From: "Gautham R. Shenoy" <ego(a)linux.vnet.ibm.com>
On POWERNV platform, Pstates are 8-bit values. On POWER8 they are
negatively numbered while on POWER9 they are positively
numbered. Thus, on POWER9, the maximum number of pstates could be as
high as 256.
The current code interprets pstates as a signed 8-bit value.
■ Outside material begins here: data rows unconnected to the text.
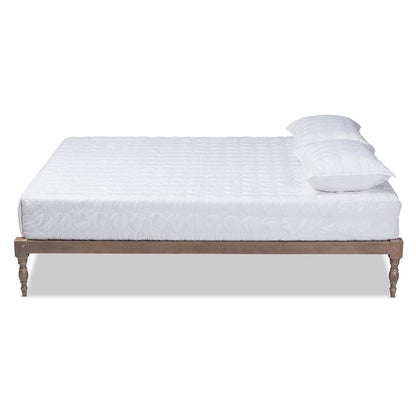 Antique Oak Finished Wood Queen Size Platform Bed Frame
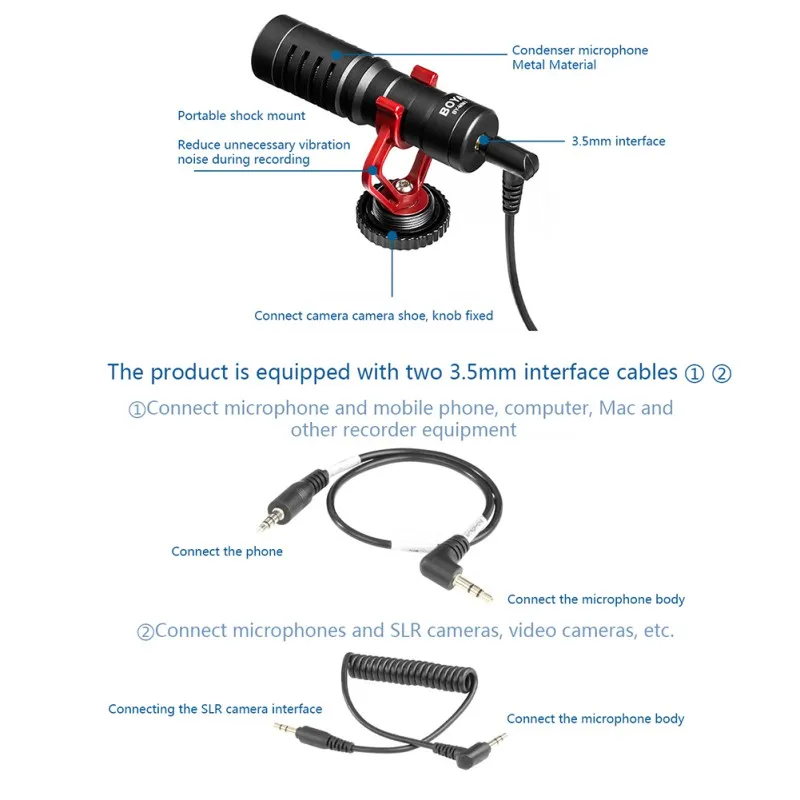 Конденсаторный микрофон Универсальный мини портативный Проводной однонаправленный микрофон SLR Камера телефон Аксессуары для прямого вещания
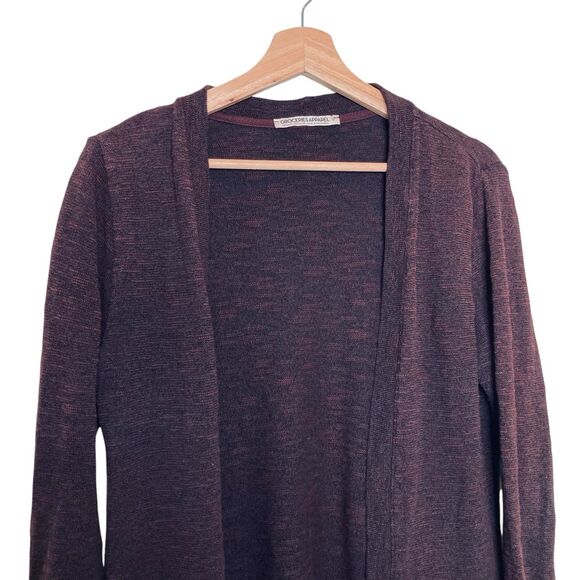 Groceries Apparel Drape Front Cardigan Sweater Small Open Front Burgundy Pockets - Picture 3 of 11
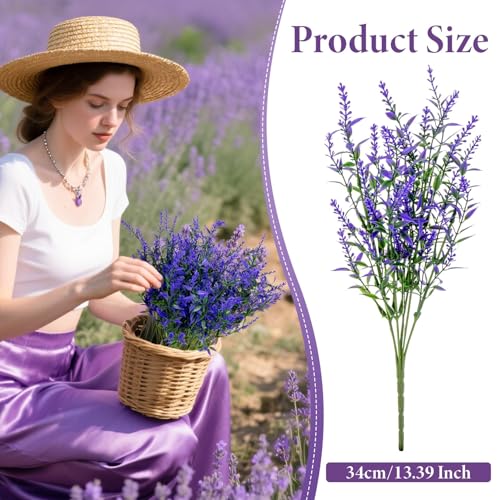 RAINFLOW 7 Pcs Artificial Lavender Flowers - Artificial Flowers for Outdoors Faux Lavender Plants Uv Resistant Plastic Purple Fake Flower for Outside Indoor Porch Patio Window Plan image 2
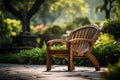 Natures embrace wooden chair amid gardens blur, inviting relaxation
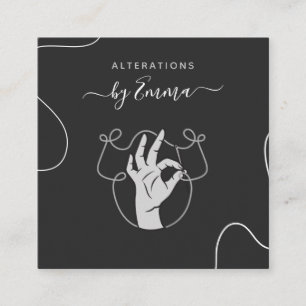 Handnaald en dichte Logo Seamstress Tailor Grey Vierkante Visitekaartje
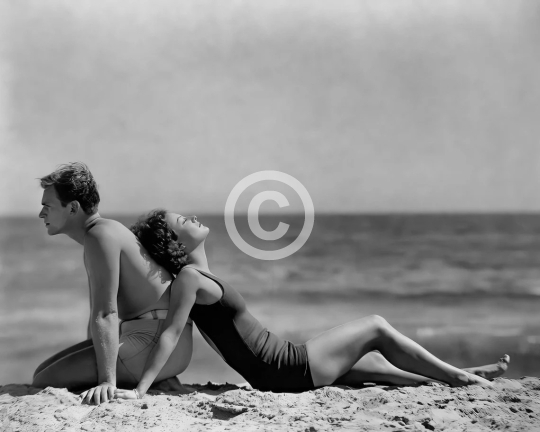 Joan Crawford Douglas Fairbanks Jr. on the beach c. 1929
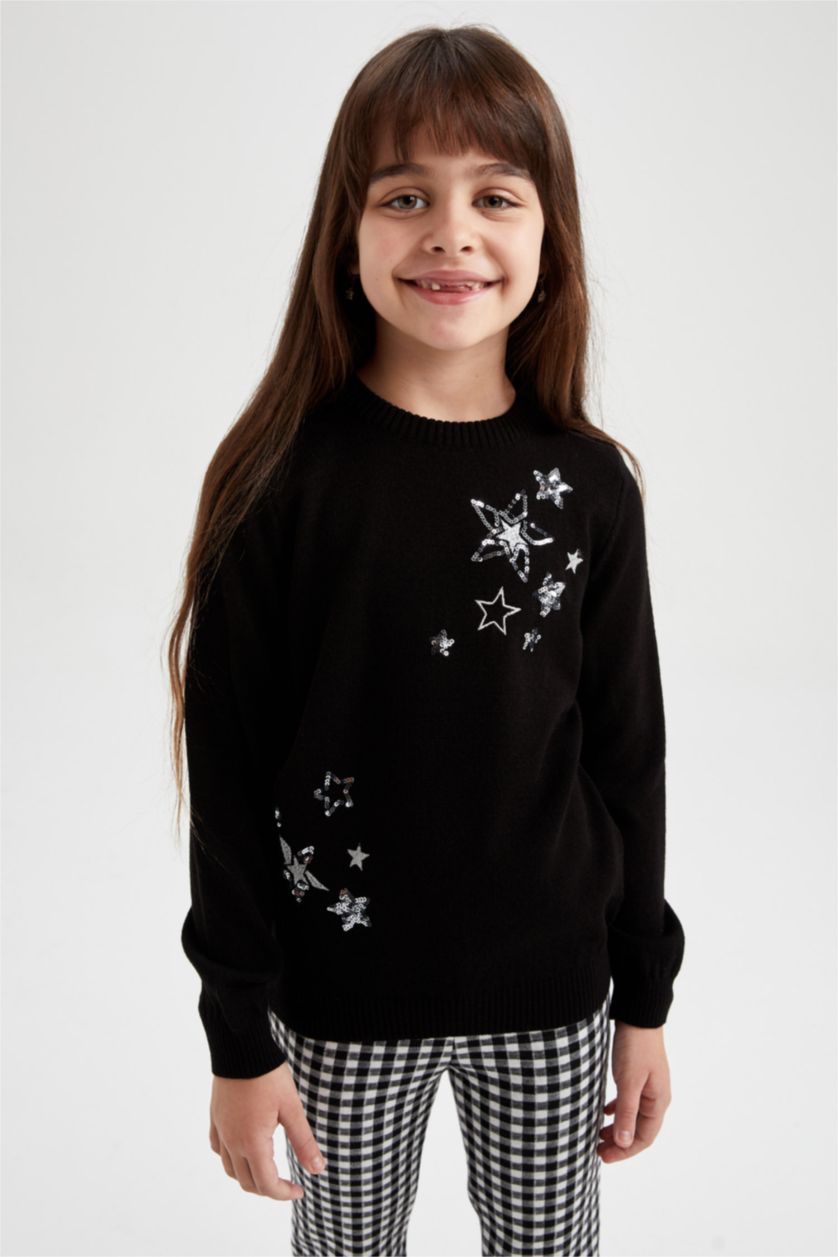 GIRLS & TEENS Black Girl Regular Fit Crew Neck Pullover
This
causes a problem on POWER9 platforms which have more than 128 pstates.
On such systems, on a CPU that is in a lower pstate whose number is
greater than 128, querying the current pstate returns a "pstate X is
out of bound" error message and the current pstate is reported as the
nominal pstate.
This patch fixes the aforementioned issue by correctly differentiating
the sign whenever a pstate value read, depending on whether the
pstates are positively numbered or negatively numbered.
Fixes: commit 09ca4c9b5958 ("cpufreq: powernv: Replacing pstate_id with frequency table index")
Cc: <stable(a)vger.kernel.org> #v4.8
Signed-off-by: Gautham R. Shenoy <ego(a)linux.vnet.ibm.com>
Tested-and-reviewed-by: Shilpasri G Bhat <shilpa.bhat(a)linux.vnet.ibm.com>
Acked-by: Viresh Kumar <viresh.kumar(a)linaro.org>
---
drivers/cpufreq/powernv-cpufreq.c | 43 ++++++++++++++++++++++++++++++---------
1 file changed, 33 insertions(+), 10 deletions(-)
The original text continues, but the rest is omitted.